Photoshop is interesting software for enhancing photos. Changing color images to black and white is fairly simple and the removal of color changes the mood instantly.

Bare tree limbs against a blue sky looks quite menacing when the image’s in black and white, and I usually fall back on the color image to see the vividness in the photo.

When I ran across an article featuring colorized photos of Holocaust victims, I reluctantly clicked on the link.

When we look at photos from the concentration camps, they’re beyond horrific. Emaciated people lying side by side in wooden bunks with barely any room to breathe.

Their bodies reflect starvation and brutalization, and their faces are hopeless.

That’s the reaction seeing the photos in black and white. But a new effort has artists colorizing the black-and-white images.

The results demands that viewers see the photos in a new light – real people with freckles, dimples and deep brown eyes.

The website “Faces of Auschwitz” has a collection of the colorized photos, and they will make you cry in sorrow for the beautiful, innocent people who met such a horrific death.

The number of those killed in the Nazi death camps is staggering – approximately 1.3 million people were sent to Auschwitz and nearly 1.1 million were Jews. Of those 1.3 million, 1.1 million – 85 percent – were gassed, beaten to death or starved to death.

One fact will haunt you – 232,000 children were sent to Auschwitz, separated from their parents and either executed, made to work or used for experiments.

On a single day, Oct. 10, 1944, 800 children were gassed to death at Auschwitz.

How did the people who carried out these atrocities go home to their families at night?

How did they eat dinner with their children, play in the park with their sons and enjoy a warm bed, knowing that a few miles away, children were starving to death in the frigid cold.

This week was the observance of Holocaust Remembrance Day, a day to remember these atrocities so they don’t happen again.

What’s sad is most young people lack basic knowledge about what the Holocaust was and how many Jews and “enemies” of the German state were tortured and killed.
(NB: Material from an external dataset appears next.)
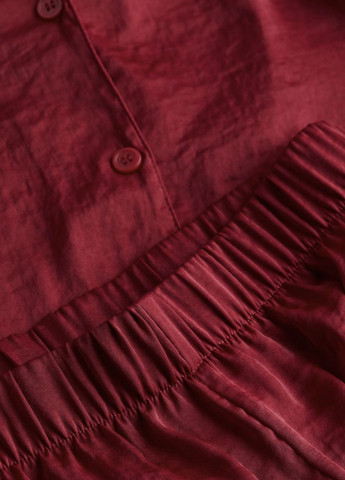 Темно-червона всесезон сатиновий комплект рубашка + брюки H&M oversize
There’s an old saying by George Santayana: “Those who cannot remember the past are condemned to repeat it.”

We think mass political killings could never happen in these days of 24-hour news and information on every subject under the sun at our fingertips, but atrocities happen every day, and we either don’t know or turn a blind eye.

When most people don’t have a clue about events like the Holocaust, we are in grave danger of repeating these same crimes against those whose religious or political beliefs are different from ours.

Many years ago, I arranged for a Holocaust survivor to speak at a church in Richmond. We opened the talk up to the community, and we all left in shock as we heard this gentle woman describe how she had to learn to lie to survive.

I think of her often, even more so as I looked at those colorized pictures of the Holocaust victims.

Holocaust survivor Eva Mozes Kor said we see the world in color and the colorized photos bring these people and those events back to life for us. We must remember the evil people can commit if we want to stay off that path.

Ignorance and apathy are the first mile markers.

Hatred and envy ensure we stay on that road.

Learn your history.

Do not repeat the mistakes of the past.

And remember for those who are no longer here.